Modermælken og dens erstatninger 1867-1980. En fødevarebiografi
Danish Breast Milk Substitutes 1867-1980. A Food Biography
This article investigates the ways in which knowledge about nutrition has been embedded in different types of homemade and commercial breast milk substitutes in Denmark from 1867, when the first commercial product was introduced, to 1980, at which point WHO issued a codex banning the advertisement of infant formula. Over this time span, we identify three main breast milk substitutes that were marketed and/or recommended to Danish caretakers: børnemel (children’s flour), homemade milk mixtures, and infant formula.

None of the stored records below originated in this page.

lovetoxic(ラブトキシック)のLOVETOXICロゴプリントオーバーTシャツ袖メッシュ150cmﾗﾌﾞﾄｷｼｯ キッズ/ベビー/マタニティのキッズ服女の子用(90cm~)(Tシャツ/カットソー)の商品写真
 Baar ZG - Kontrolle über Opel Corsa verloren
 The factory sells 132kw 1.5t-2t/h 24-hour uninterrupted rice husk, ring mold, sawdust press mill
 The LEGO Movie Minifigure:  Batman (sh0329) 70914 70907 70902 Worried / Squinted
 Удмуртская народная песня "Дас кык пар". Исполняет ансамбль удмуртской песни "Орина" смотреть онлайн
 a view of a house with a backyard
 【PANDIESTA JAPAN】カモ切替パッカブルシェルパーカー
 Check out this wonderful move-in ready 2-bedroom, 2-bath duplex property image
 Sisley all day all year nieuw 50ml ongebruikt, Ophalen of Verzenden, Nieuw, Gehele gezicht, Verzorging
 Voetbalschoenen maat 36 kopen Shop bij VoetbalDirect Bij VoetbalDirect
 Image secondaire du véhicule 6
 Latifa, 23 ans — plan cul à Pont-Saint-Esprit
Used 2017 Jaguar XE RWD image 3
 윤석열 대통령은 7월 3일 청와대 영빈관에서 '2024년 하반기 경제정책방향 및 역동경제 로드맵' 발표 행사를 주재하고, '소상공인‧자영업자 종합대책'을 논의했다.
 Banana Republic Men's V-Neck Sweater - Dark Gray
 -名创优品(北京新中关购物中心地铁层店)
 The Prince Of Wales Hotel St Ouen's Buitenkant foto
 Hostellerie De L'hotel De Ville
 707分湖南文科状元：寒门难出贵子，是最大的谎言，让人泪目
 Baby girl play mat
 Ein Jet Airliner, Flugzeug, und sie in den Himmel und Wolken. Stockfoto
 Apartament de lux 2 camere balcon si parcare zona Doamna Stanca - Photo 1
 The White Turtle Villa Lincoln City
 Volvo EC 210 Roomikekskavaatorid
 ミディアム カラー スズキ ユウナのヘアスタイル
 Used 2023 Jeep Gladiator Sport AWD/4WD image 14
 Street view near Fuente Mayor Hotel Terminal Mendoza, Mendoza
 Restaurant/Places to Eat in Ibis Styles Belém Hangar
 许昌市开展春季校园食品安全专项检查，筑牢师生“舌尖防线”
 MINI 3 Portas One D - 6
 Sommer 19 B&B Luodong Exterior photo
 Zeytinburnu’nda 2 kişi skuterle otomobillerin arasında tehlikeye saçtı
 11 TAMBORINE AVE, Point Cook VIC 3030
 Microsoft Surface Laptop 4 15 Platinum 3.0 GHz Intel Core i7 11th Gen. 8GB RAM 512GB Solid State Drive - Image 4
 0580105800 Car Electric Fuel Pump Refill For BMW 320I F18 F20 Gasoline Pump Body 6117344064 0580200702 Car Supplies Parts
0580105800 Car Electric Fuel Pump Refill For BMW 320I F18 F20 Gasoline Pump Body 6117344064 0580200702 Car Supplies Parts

The aim of the article is twofold: first, to explore the historicity of foodstuffs, their contents and the kinds of knowledge that went into their composition; second, to find a baseline which, across time, allows for a macro nutrition comparison of infant formulas. We argue that the history of breast milk substitutes cannot be written independently from the history of breast milk itself, as knowledge about both was stabilised in a reciprocal process that began with modern nutritional science. The focus on macronutrients and energy percentages allows us to show that non-breastfed Danish infants were likely offered alternatives with a relative high content of protein, compared to present day nutritional recommendations – a diet that, according to modern hypotheses, includes an obesity risk in later life.